Jesus não apenas provou sua autoridade sobre os governantes e deuses deste mundo, como também os conquistou (1 Coríntios 15:23–27). Enquanto Faraó acreditava que poderia afogar o povo de Deus e apagar seu futuro, Satanás e corações endurecidos acreditavam que poderiam dominar Jesus na cruz. Mas, assim como a vara de Arão desferiu um golpe fatal nos deuses do Egito, a morte de Jesus desferiu uma ferida fatal na própria morte (Atos 2:23–24). A serpente da morte foi engolida pela vida de Jesus.

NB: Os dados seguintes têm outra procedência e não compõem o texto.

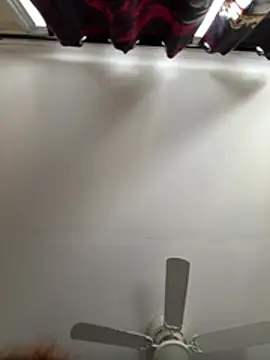 Snapshot of daddydarkskindikk chatting on 21, 2, 2026 daddydarkskindikk online show from 21, 2, 2026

Enquanto a vida se espalhava do Nilo e dominava a terra do faraó, a vida de Jesus se levantou de um túmulo morto e dominava o reino da morte de Satanás. Por meio de sua ressurreição Jesus separou a luz das trevas, a vida da morte e criou um porto seguro que a própria morte não pode descriar.
Jesus selou esse resgate com um sacrifício de aliança. Pertencemos a Deus não apenas porque ele nos fez, mas porque Jesus selou nossa pertença com seu sangue. E a obra de Deus não está terminada. Mesmo agora, Deus continua a dar ao mundo oportunidades de temê-lo, ouça e tome refúgio no refúgio seguro que Jesus criou.
Um dia, Jesus realizará seu sinal final. Ele descriará Satanás e a morte para sempre. Ele reverterá toda a escravidão, opressão e sofrimento. Ele transformará a Terra inteira no Éden e o universo inteiro em Gósen e levará o povo da Aliança ao porto seguro de sua presença para sempre.
Veja por si mesmo
Oro para que o Espírito Santo abra seus olhos para ver o Deus que é maior do que todos os outros deuses. E que você veja Jesus como aquele que engoliu a morte com sua vida e descriou o túmulo para nos levar ao porto seguro da vida com ele.